Analyse Seehofer bleibt stur
Berlin/Neuhardenberg (dpa) - Bundesinnenminister Horst Seehofer ist sich sicher. Der Aufstieg der AfD, das Schwächeln seiner CSU in den Umfragen für die bayerische Landtagswahl - all das hat nur einen Grund: die Migrationspolitik der Bundesregierung, die er seit drei Jahren massiv kritisiert.
Die Migrationsfrage sei „die Mutter aller Probleme“, sagt er den CSU-Bundestagsabgeordneten bei ihrer Sommerklausur in Brandenburg, so berichten es mehrere Teilnehmer hinterher. Vor den Kameras sagt der CSU-Vorsitzende, dass die zweistelligen Umfragewerte für die AfD in Bayern eine Neuerscheinung seien, „wo ja die Grundlage oder die Ursache dafür in der Migrationspolitik liegt“.
Dass er die Hauptverantwortung für die aus seiner Sicht mangelnde Steuerung und Begrenzung des Flüchtlingszustroms bei Bundeskanzlerin Angela Merkel (CDU) sieht, ist kein Geheimnis. Öffentliche Kommentare in diese Richtung verkneift er sich aber. Zu sehr hat der Streit der Unionsparteien über die Asylpolitik im Frühsommer den beiden Schwesterparteien CDU und CSU geschadet. Auch CSU-Landegruppenchef Alexander Dobrindt will keinen Krawall mehr. Sein Lieblingswort während der zweitägigen Klausur ist „Stabilität“.
Dobrindt stellte sich hinter Seehofer. Die politische Landschaft in Deutschland habe sich durch die Migrationsthematik verändert, dies sei „unstrittig“. Zwar habe man sich innerhalb der Koalition inzwischen auf viele Punkte verständigt. In der Migrationspolitik werde es bei Details jedoch auch in den nächsten Wochen und Monaten noch Diskussionsbedarf geben, zum Beispiel über den hauptsächlich von der SPD geforderten „Spurwechsel“ abgelehnter Asylbewerber in die Arbeitsmigration.
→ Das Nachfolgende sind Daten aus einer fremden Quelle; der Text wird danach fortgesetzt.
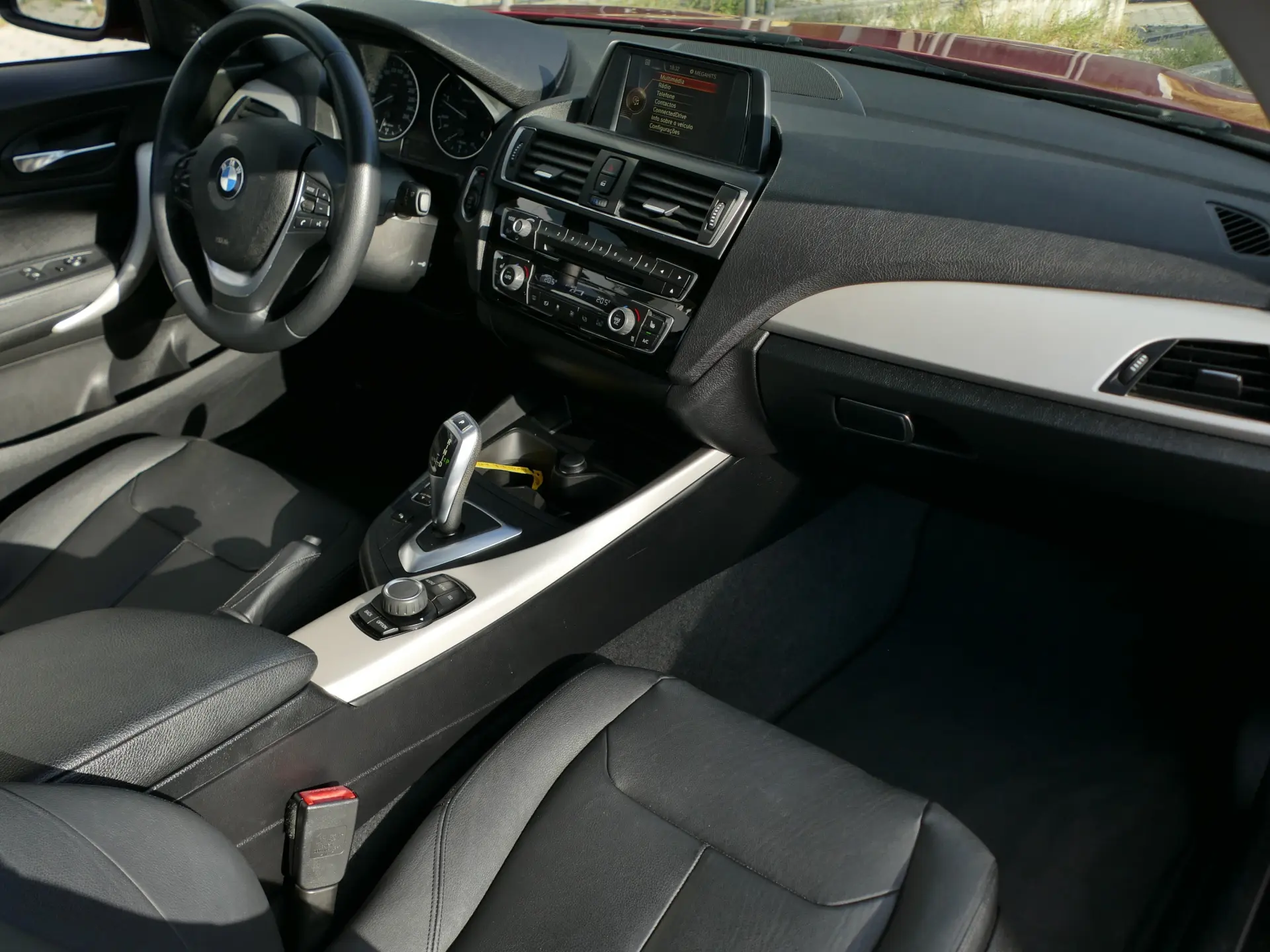 BMW 220 d Coupe Advantage Auto 28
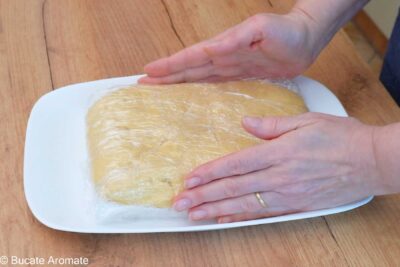 Aluat neted, frumos frământat, modelat pătrat și pregătit pentru dospire lentă la rece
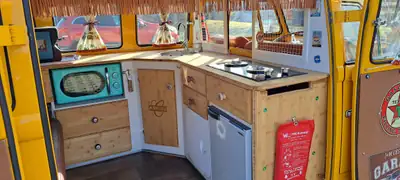 VW T1 Bulli Camper 1973 — Légende roulante, faible kilométrage, prêt à voyager — dettaglio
Dass die CSU auch im Bundestag in diesen Tagen nicht nur über Rente, Wohnen und mehr Netto vom Brutto reden will, sondern immer wieder die Begrenzung der Zuwanderung aus Nicht-EU-Staaten auf die Tagesordnung setzt, gefällt vielleicht nicht jedem in der Schwesterpartei CDU. Doch die CSU-Landesgruppe glaubt, dass das die Menschen umtreibt. Und dass man die Benennung von Problemen auf diesem Gebiet - von Hindernissen bei der Abschiebung bis hin zu falschen Identitäten - nicht der AfD überlassen dürfe. Schon gar nicht jetzt, weniger als sechs Wochen vor der bayerischen Landtagswahl, wo die Umfragewerte für die bislang allein regierende CSU so niederschmetternd sind - zuletzt waren es 36 bis 37 Prozent.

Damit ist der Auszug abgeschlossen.